Male Self Driving Car Engineers!! Now’s your chance!
The engineering culture at Uber is sexist. This is a culture issue, not a women’s issue. It is something women can’t change. The men have to change for change to happen.
Now’s your chance to make a change in engineering culture to make the culture welcoming and nurturing so the other half of the human engineering talent pool can contribute to self driving car technologies.
Overwhelmingly, I have felt the men engineers around me (once they figure out I’m smart — see “assume competence” below) to be very helpful, respectful, and supportive. (Especially my fellow Udacity SDC students!) Overwhelmingly, I feel that men want women in engineering fields. Yet men seem lost about what to do next — but we do need your active help.
Here are some places to start.
Educate yourself
Don’t just say you want more women, but learn about what drives women out of engineering. If you don’t know what Imposter Syndrome, Stereotype Threat, or the Leaky Pipeline is, now’s a great time to read up. Some other terms to Google: emotional labor, Bechdel Test, Finkbeiner Test.
These topics are becoming well researched, so if you like geeking out on scientific studies (what geek doesn’t??) there are some great ones out there on those topics.
Some other eye openers: women’s performance drops when opposite men (you can put effort into putting women more at ease in professional settings), women don’t get credit when collaborating with men (you can help others give credit where due), and my personal favorite: men who harass women are literally losers.
Also, here’s a nice “man to man” discussion about the myths of equality.
Shy around women? Suck it up.
That’s what change is about: working for it.
I get it. I’ve been around shy geeky guys all my career. I’m a shy geeky girl in a hostile culture. I’ve had to suck it up.
The difference is I can’t change the culture by being friendly. You men can.
You know how it feels when you feel out of place in a room, and finally someone comes up to you and starts talking about technical stuff — ah, you’re in your element!
Be that person and make a shy geeky engineer woman feel comfortable.
Speak out when you see sexism
This is something men can do but women can’t.
Nothing more exhausting than watching a man tell a woman she’s wrong calling out a sexist act. Like it or not, that dude will listen to you.

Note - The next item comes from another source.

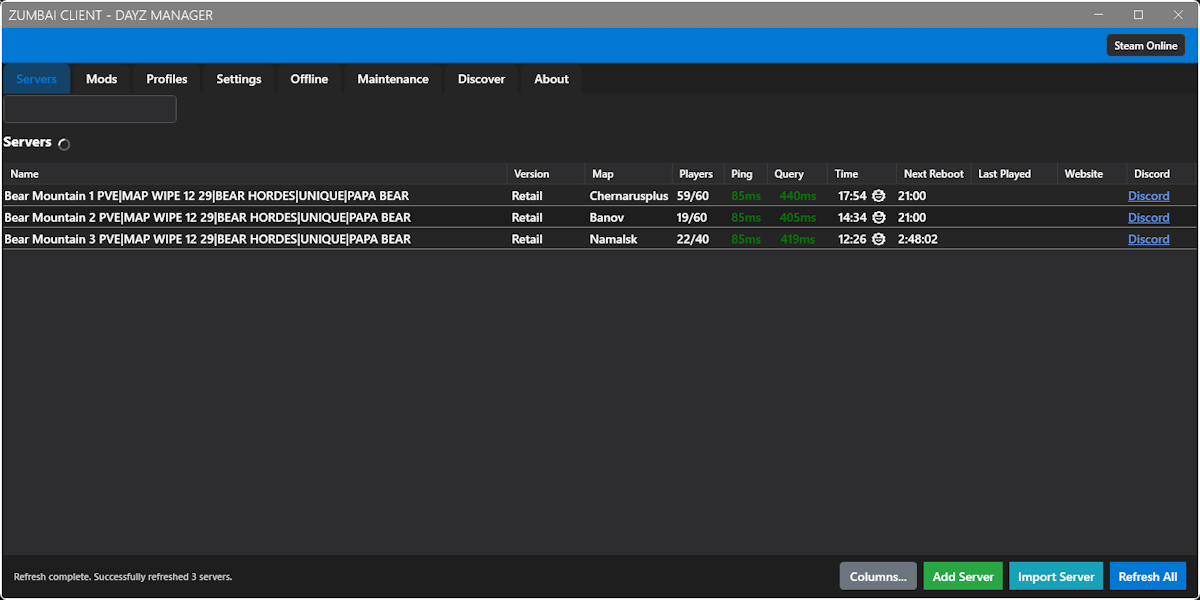 Zumbai server management features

What more do I need to say? Call it when you see it.
Assume competence
I’ve written about this elsewhere, but it can’t be stressed more: don’t treat the women like they’re the girlfriend/wife even if they are. If a woman is listening to the conversation, she probably understands it.
Start high, assume competence, and don’t dumb things down if she asks a dumb question. Simply make her feel safe to ask questions. Asking questions is the key to becoming smart, but so often if we ask a question, men engineers assume we’re dumb.
Don’t be that guy.
Make sure women get heard
I read about how the women in the Obama administration conspired to help each other get heard. When a woman spoke, another woman would reiterate and give credit. If a man presented an idea originally presented by a woman, other women would redirect credit back.
These are things men can also do for women. Pay attention.
Help make sure women are heard, that they’re not interrupted, and that they get credit for their ideas.
When women have a harder time contributing or getting credit, it’s a positive feedback loop that perpetuates that women don’t contribute.
Encourage women around you
Women have a disproportionate serving of discouragement. In my youth, I literally saw my failures as proof that I couldn’t succeed because I was a woman. Men simply didn’t go through that gender self questioning. (Stereotype Threat has plagued me throughout my career.)
It’s hard for us. We need encouragement to keep going against the tide pushing us away from engineering.
Put extra effort into encouraging the women engineers around you. Point out our successes. Tell us when you learn something from us.
Being mindful of the positive contributions of women around you helps increase how others value women’s contributions.
“Great men make those around them feel like they are also great.”
Feeling smart by making others feel dumb is stealing. But making others feel smarter enables the world to accomplish more.
Doing these doesn’t just help women, it helps all engineers
Accommodations that remove barriers for one group tend to also help everyone. How many times have you used a wheelchair ramp?
A toxic culture harms everyone.
Culture is both what you absorb from a group and what you contribute to it. Put effort into making a great culture where you are, and fight against toxic culture.
Uber’s sexist culture coming to light is a good time to check the culture around you, and make the changes you men have the power to make.
This is not a time to shake your head and walk away. It is time to make a difference and make the world a better place for all of us.